In those days management was a much different task to what it has become today. In those days it didn’t involve looking after the ‘man’ much at all. But over the latter half of the 20th Century the art of ‘man’ management became much more scientific, much more studied. As the 21st Century is half way through its second decade, the talk is no longer about management at all but leadership. I do not intend to join the vast volumes written about the differences between leadership and management but simply to make the point that the biggest change in how we operate in the world of work has come about as a consequence of man’s growing freedom of choice.

When my granddad was a young man any refusal to do what the mine owner dictated would result in losing his job, but also his hearth, his home, and probably his family. It is little wonder that it took some pretty violent and drastic action on the part of the working man to combine and to start to redress the balance.

The Chinese have a proverb which says “You can throw a stone across a river but you can’t throw a bird”. Why? Well a bird has a degree of free will. It used to be said that when we employ someone at best we buy 8 hours of his or her time each day. Whether they choose to bring their heart and spirit, their enthusiasm and their energy to work with them is their choice and to some degree how much they choose to do that is a measure of the effectiveness of the leadership.

At some point over the last year or so we reached a tipping point where over half of the working population were millenials. These young folk have not only continued but also accelerated the evolution of the working population. In the same way as the previous generation would not tolerate the demands of their forefathers so these young people demand so much more of their employer than their parents did. At the same time the trend that Drucker first observed away from manual labour to what he called ‘knowledge workers’ has also accelerated.
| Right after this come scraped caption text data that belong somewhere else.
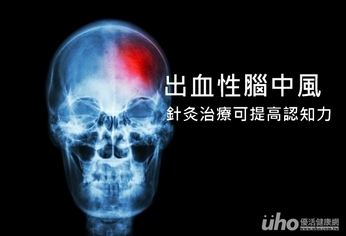 出血性腦中風 針灸治療可提高認知力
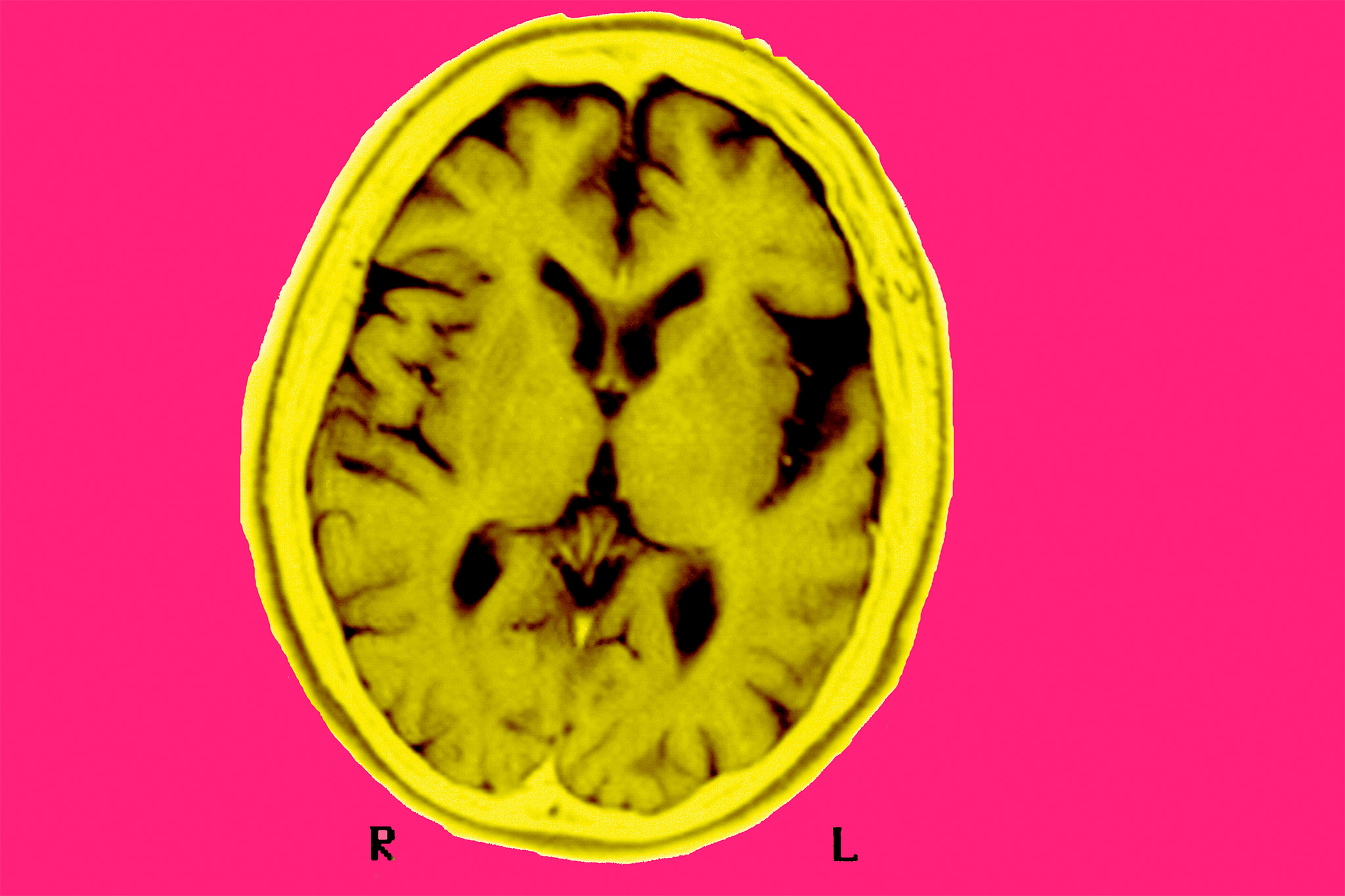 UCSF studies blood test for cognitive impairment: ‘Floodgates are about to open’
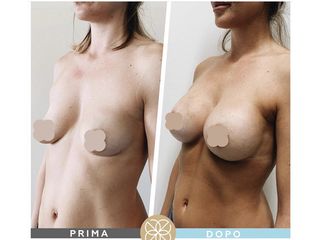 Mastoplastica additiva prima e dopo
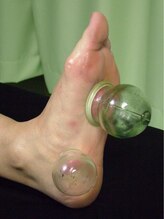 健倖舘(ケンコウカン)/吸い玉コース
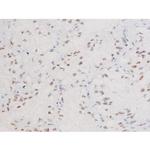 Phospho-FOXO4 (Thr451) Antibody in Immunohistochemistry (Paraffin) (IHC (P))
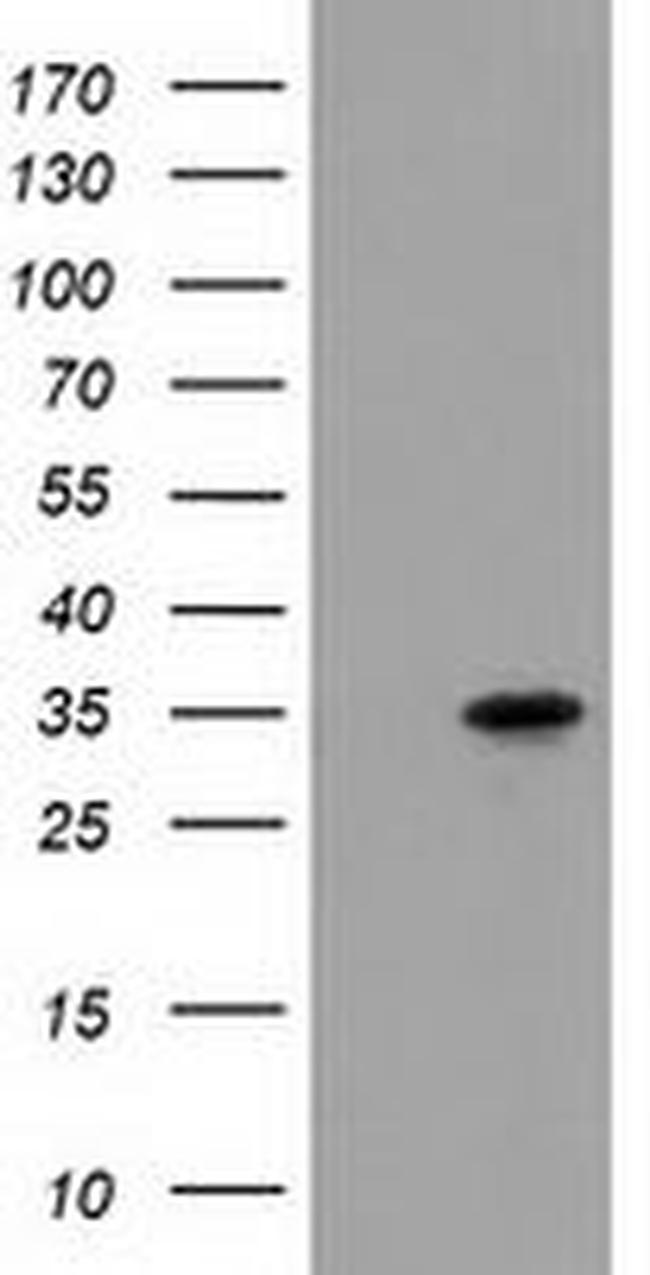 ACY3 Antibody in Western Blot (WB)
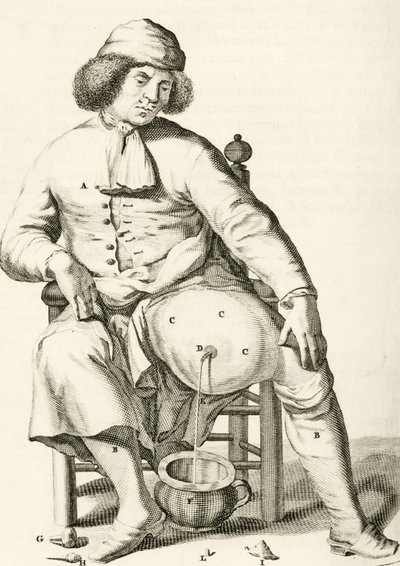 تصريف السوائل من الخراج ، من التمارين العملية إلى طريقة الشفاء بواسطة فريدريك ديكرز ، 1694 بواسطة المدرسة الهولندية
Recently the popular commentators have been asking whether a robot could eventually take your job. To my mind it is an inevitability. Robots and Artificial Intelligence will soon be at a stage where that trend too will accelerate dramatically. As employers it is no longer enough to be offering a job. Our market of would be employees demand that the job must be safe, must provide fulfilment, significance and meaning. If we cannot or do not provide that environment then the cream of the talent will quickly move away to find the employer that does.

There has never been so much mobility among the working population and there has never been such demands upon the employer. If our ‘offer’ to employees remains what it was in our forefathers day, our business model will become as out-dated to our target market as, say, reel to reel audio tapes are to the digital world we now live in. I have referred to the market for labour several times now. In the 21st century often the only real sustainable differentiator between businesses is the people that are part of our team.

We will never have a premier division business if we can only attract third division people and unless we pay as much attention to attracting present and future team members as we do present and future customers we will inevitably find ourselves scraping the bottom of the talent barrel. In chasing the triple bottom line of supplier of choice, employer of choice and investment of choice; being employer of choice is the number one priority from which all the others flow.

That is why the three core competencies of the boss are the ability to;

 

  • Hire well
  • Develop well
  • Fire well

 

Book Recommendation

Some clients have asked that I append some reading recommendations to my weekly blog. I hope you get value from the books I recommend. The books are mentioned at random and will have no relationship to the blog above.
‘Legacy’ by James Kerr is about TEAM and the lessons in leadership provided by the All Blacks, the best and most consistent rugby team in the world. It has to be one of my books of the year(2015). You will learn about core values, commitment and teamship.